Foresight Workshop of SKIN Project

Foresight Workshop of SKIN Project


The SKIN project  is well under way with the 1st year focusing on gathering data and creating a solid foundation. The 1st Foresight Workshop was held in Vienna and Pyhra, Austria on 18th and 19th January 2018.


The role of Europe for Business Ltd. (EFB) is primarily focused on leading and delivering Work Package (WP) 5 in 3 areas:


  1. Providing Internal Training to the coaching team;
  2. Creating Regional Nodes;
  3. Delivering coaching to emerging “change agents” and innovation groups.


This cannot be carried out in isolation of other work areas. EFB will be linked into WP3 (which carries out an analysis of the recurrent and emerging issues based on the good practices and other cases examined, and a foresight exercise, to draw future scenarios on how innovation in SFSCs could transform Europe’s agro-food sector) and WP4, (Innovation Challenge Workshops, which will gather experts, representatives of good practices and consortium partners around those emerging issues). Through this activity, EFB will both contribute to its development/delivery and also be in a strong position to develop the most suitable material and methodology to deliver the tasks shown above.


Day 1 – 18th January 2018


Mr Christian Jochum of the Chamber of Agriculture in Vienna hosted the opening session with a very warm welcome. Christian set the scene for the intensive 2 day programme, which included a brilliant presentation from mag. Hanni Rutzler of futurefoodstudio on likely changes in eating habits, new business models for food production and new potential sources of food to meet the demands of a growing global population, which is estimated to reach 10 billion by 2050!
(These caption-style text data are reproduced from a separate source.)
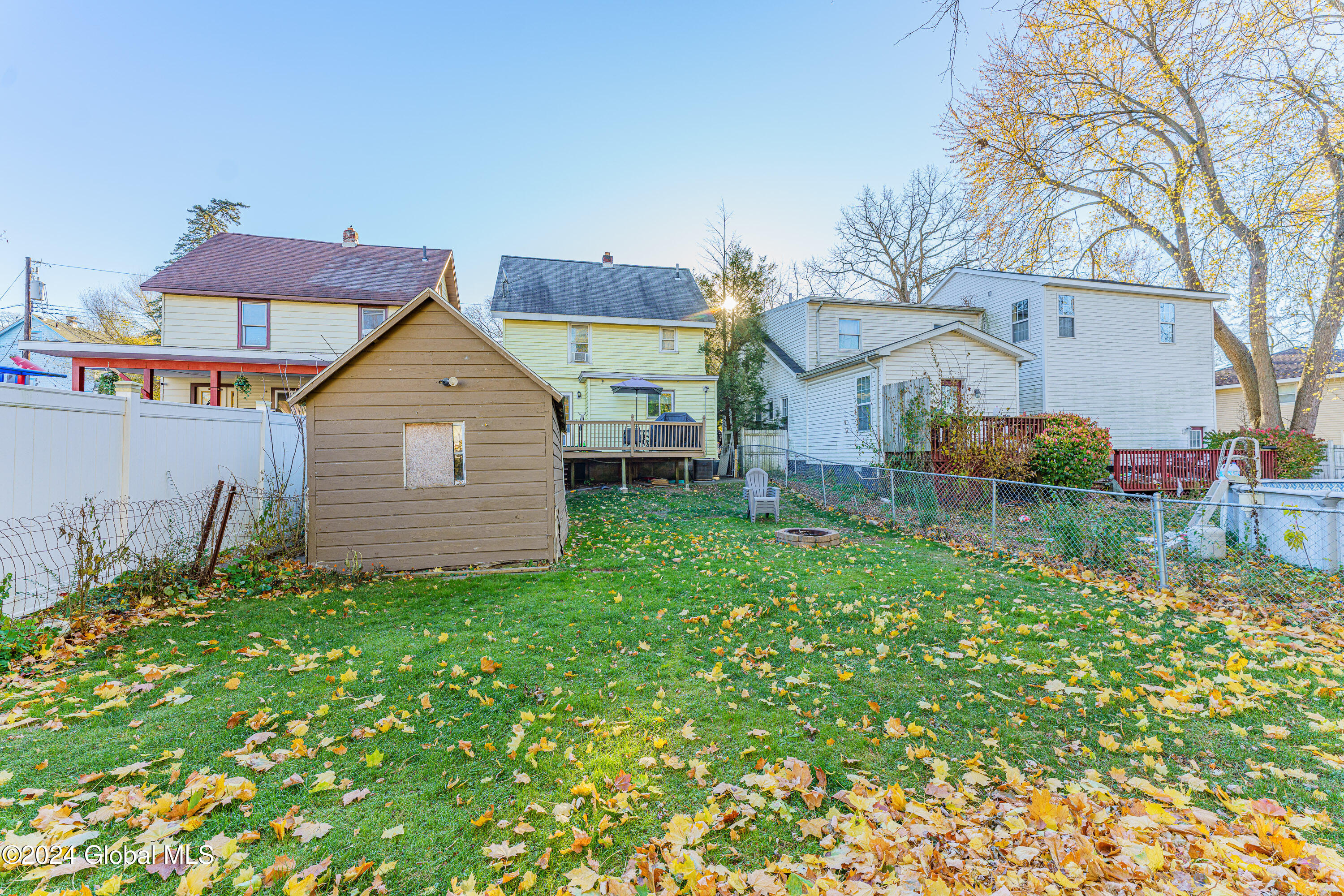 21 Manchester Road Schenectady, NY 12304 - Photo 33 of 33 Yard 7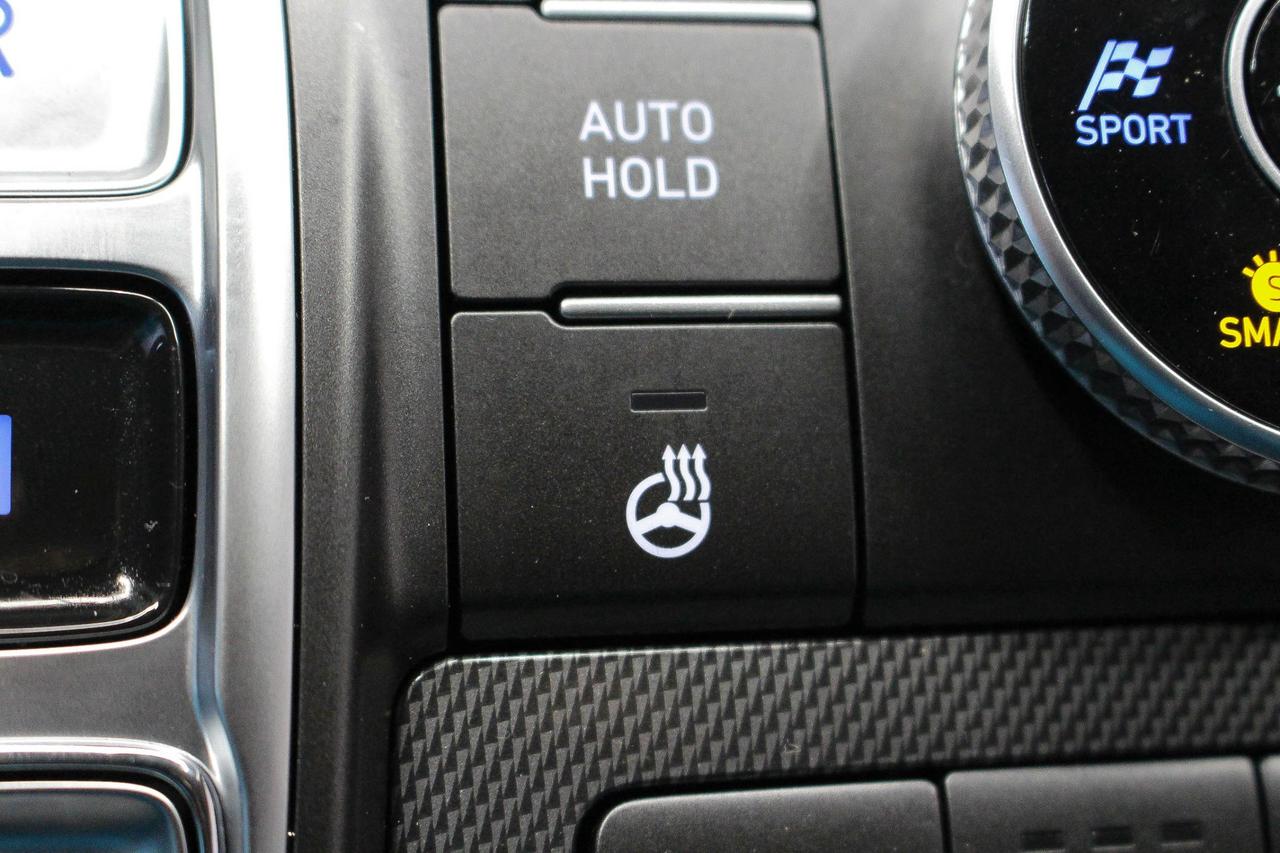 2023 Hyundai Santa Fe Preferred CLOTH UPHOLSTERY - APPLE CARPLAY AND ANDROID AUTO - NAVIGATION Photo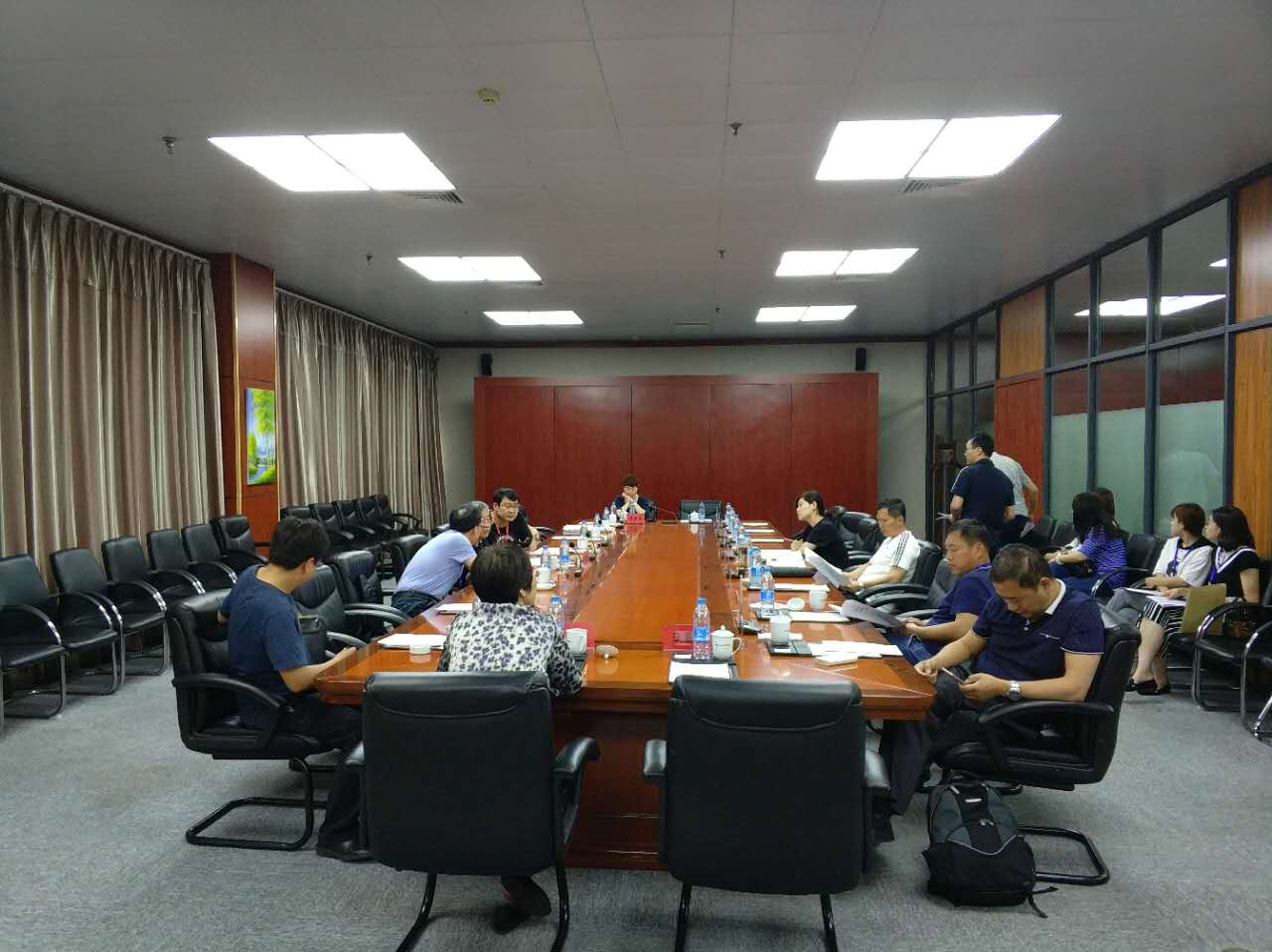 《彩云長(zhǎng)在有新天——璀璨河北》編纂工作論證會(huì)在我市召開(kāi)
In addition, 4 business owners presented their innovative approaches to demonstrate how business could be successful by thinking “outside the box”. This included:


  1. A business which uses coffee grounds to grow mushrooms virtually in the centre of Vienna. Manuel Bornbaum described how they acquire the used coffee grounds locally, grow their mushrooms and sell them locally, mostly delivered by using bicycles;
  2. Josef Flow explaining that his restaurant, called Radius 66, sources all its produce within a 66 Km radius of its location, thereby adding strength to the local economy;
  3. Gregor Hoffmann runs an Urban Hydroponic and Fish Farm in the middle of Vienna. This innovative approach uses the waste of fish farming to support the growing of vegetables;
  4. Wolfgang Palme – researcher and activist explained their way of urban farming and gardening to produce food locally and improve the local environment.


After a quick lunch prepared by a farmer’s catering service, the delegation moved onto the Agricultural School in Pyhra. The students who all want to stay in farming spoke about their projects on food and drink production and their hopes for the future. The School includes a farm shop where students learn how to deal with customers and sell products including their “in-house” cheeses and produce from around the area. After this the partners discussed progress so far and the remaining activities. The day ended with an evening meal at a “rustic tavern” situated on a farm, which produced the food.


Day 2 – 19th January 2018


The day started at 8.30 a.m. with Patrick Crehan (CKA) facilitating the day’s proceedings to cover the Analysis of Phase of the Case Study Collection, Initial discussions on scenarios, Implications for the key project tasks and a final plenary discussion reporting on an updated view of the 4 tasks.


John Hyland (TEAGASC) explained the process used to collect all the case studies of good practice and how the information collated has been analysed. This resulted in a robust discussion which aimed to agree a way to bring out the most meaningful use to support the delivery of the project.


Patrick lead 3 discussions starting with emerging ideas which included 1) Food yesterday, today and in 10 years, 2) Short Food Supply Chains are also about innovation in urban environments, 3) Short Food Supply Chains are embedded in enabling service eco-systems and 4) The entire food cycle is part of the circular bio-economy. The next discussion focused on key project tasks including Scenarios, Coaching, Innovation Challenge Workshops and Phase II of the Case Study Collection. The Final discussion focused on reporting on the 4 tasks.


The day ended with initial planning of the 3 day event in Belgium and Netherlands from 23rd to 25th April. Day 1 will involve project meeting to discuss progress and actions taken, Day 2 start at 07.00 hours, finishing at about 22.30 hours and will involve 6 site visits (in both Belgium and Netherlands) to a number of primary food producers using innovative techniques to enhance their businesses and performance. Day 3 will involve on-going project activity and performance and will end with the delivery of coaching to the designated partner coaches for delivery to local/regional actors.